■ Work required ■
Nothing but the lines below from the one containing "capture a realistic" through the one containing "floret Women Soft" should appear in the answer, exact and without pictures.

::::::::::

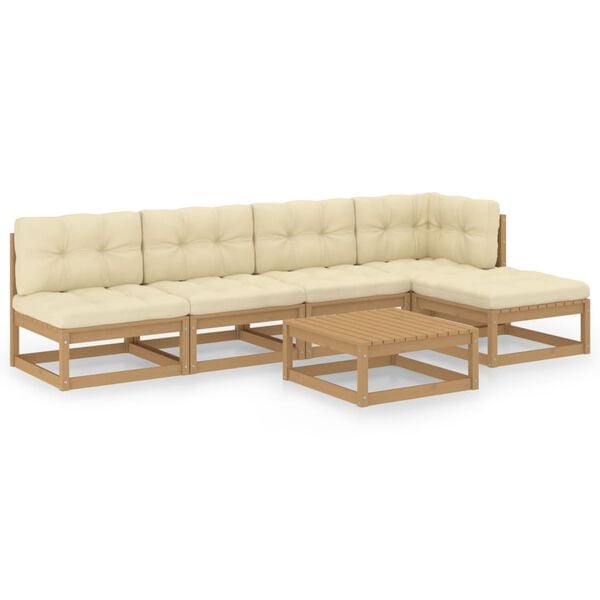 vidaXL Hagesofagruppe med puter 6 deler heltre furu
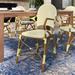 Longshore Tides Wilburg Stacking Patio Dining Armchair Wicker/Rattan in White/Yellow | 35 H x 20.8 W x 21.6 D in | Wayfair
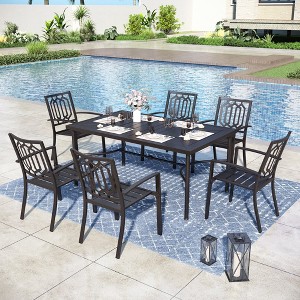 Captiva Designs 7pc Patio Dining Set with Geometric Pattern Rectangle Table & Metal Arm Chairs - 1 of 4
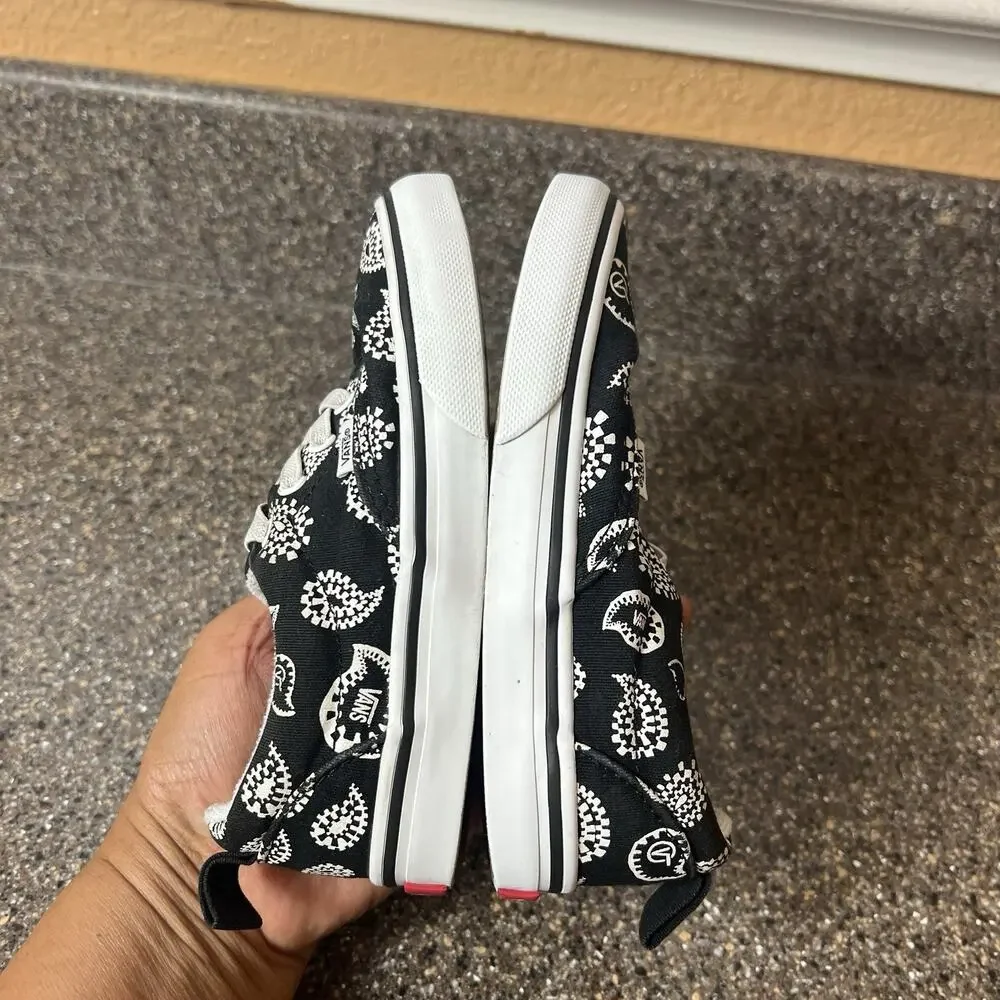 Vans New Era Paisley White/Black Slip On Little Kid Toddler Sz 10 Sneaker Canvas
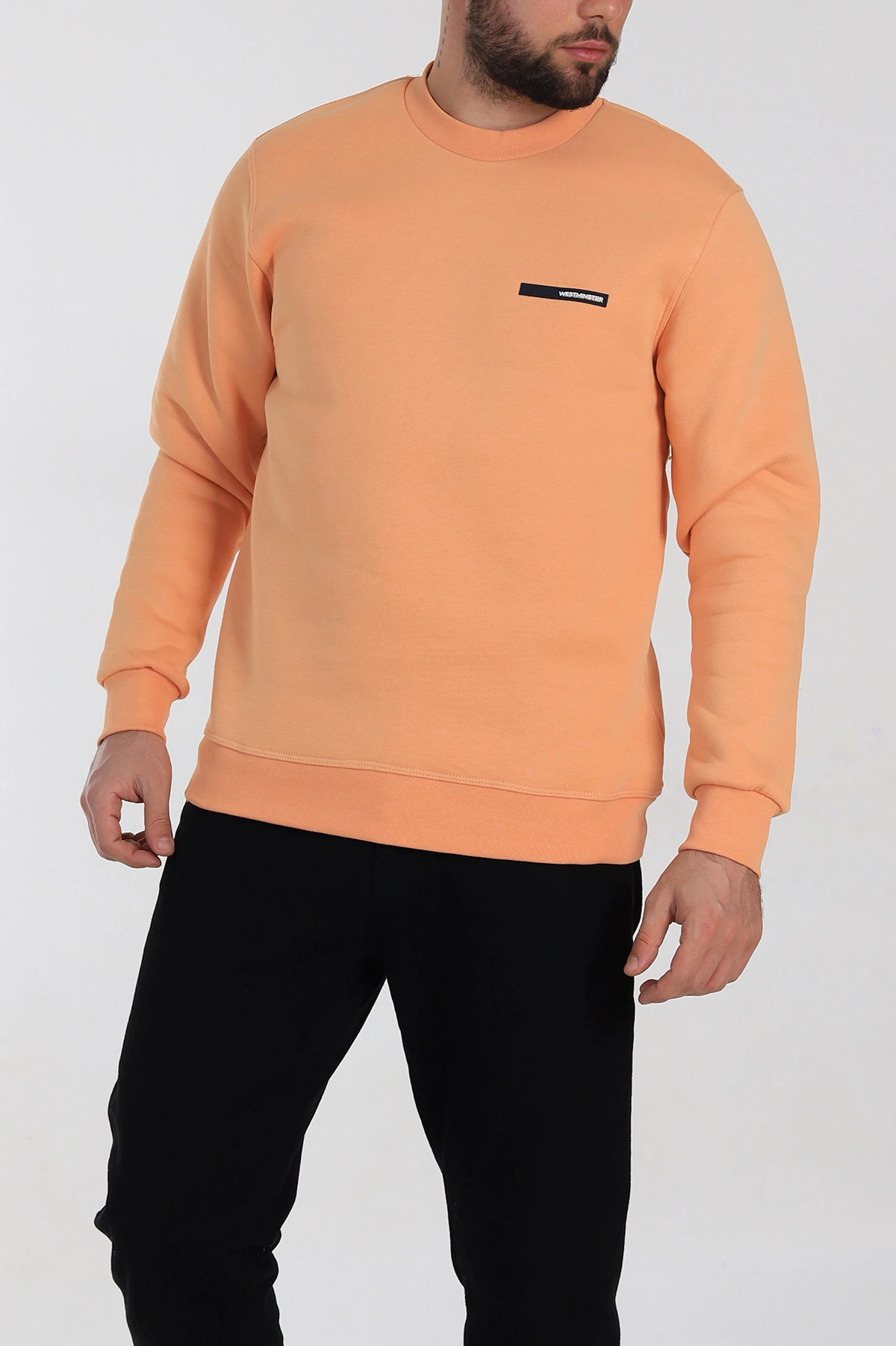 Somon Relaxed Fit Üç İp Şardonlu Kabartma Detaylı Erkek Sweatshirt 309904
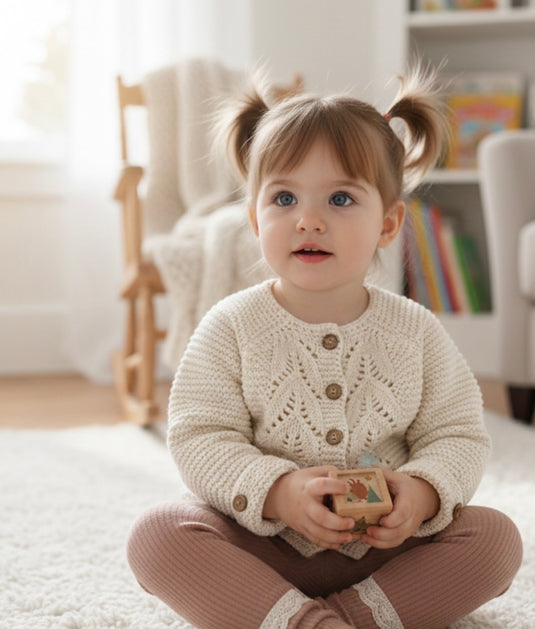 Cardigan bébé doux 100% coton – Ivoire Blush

::::::::::

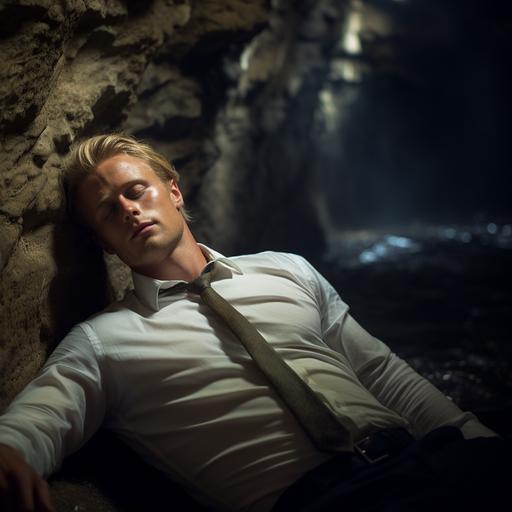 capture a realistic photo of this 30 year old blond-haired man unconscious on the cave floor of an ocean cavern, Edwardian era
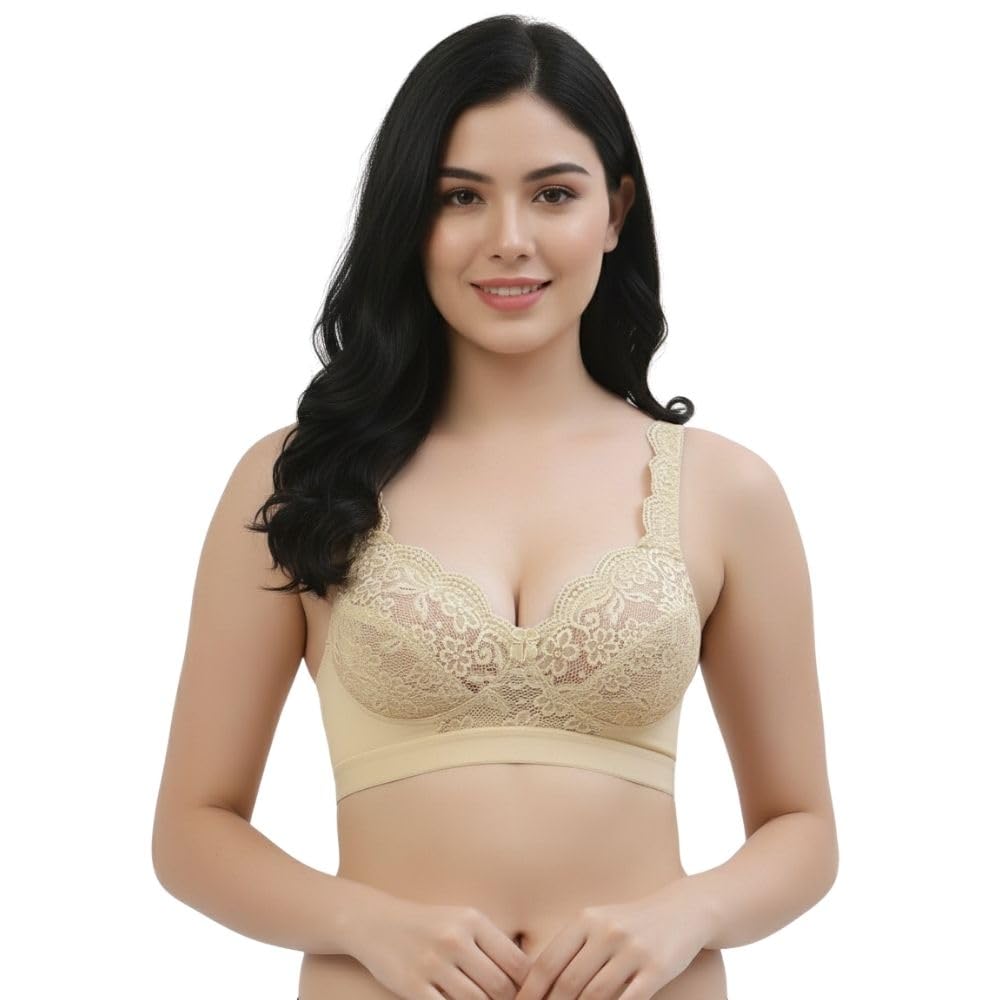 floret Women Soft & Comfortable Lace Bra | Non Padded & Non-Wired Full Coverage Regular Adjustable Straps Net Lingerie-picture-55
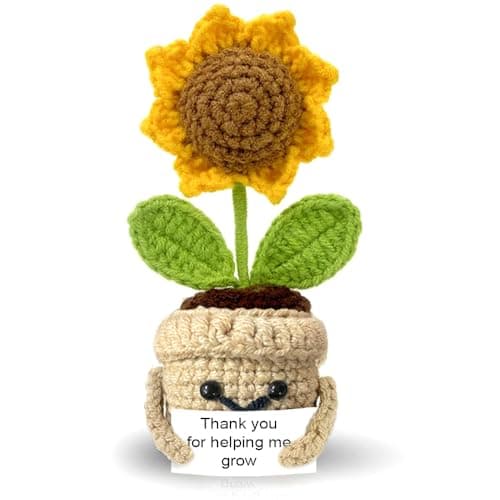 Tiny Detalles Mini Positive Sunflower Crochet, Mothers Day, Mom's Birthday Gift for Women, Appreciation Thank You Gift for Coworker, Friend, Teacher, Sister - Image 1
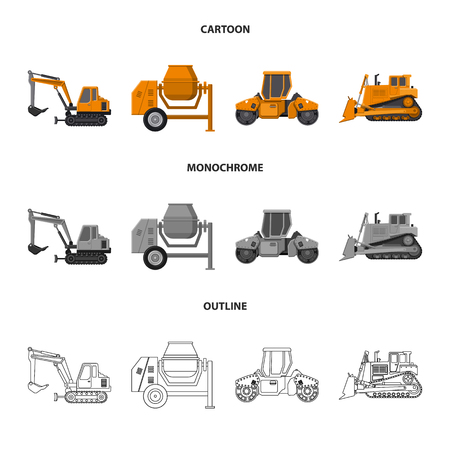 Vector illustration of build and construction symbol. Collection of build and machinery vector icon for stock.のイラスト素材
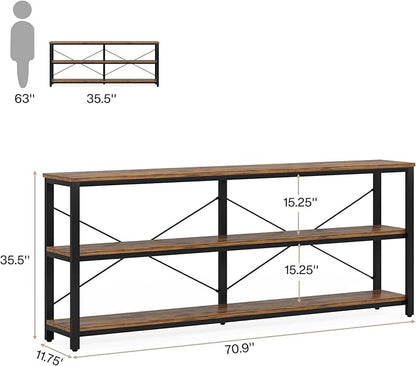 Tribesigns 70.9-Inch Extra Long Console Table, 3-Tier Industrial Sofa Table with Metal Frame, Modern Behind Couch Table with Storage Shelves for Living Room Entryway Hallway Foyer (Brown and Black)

::::::::::

■ Task response ■
 capture a realistic photo of this 30 year old blond-haired man unconscious on the cave floor of an ocean cavern, Edwardian era
 floret Women Soft & Comfortable Lace Bra | Non Padded & Non-Wired Full Coverage Regular Adjustable Straps Net Lingerie-picture-55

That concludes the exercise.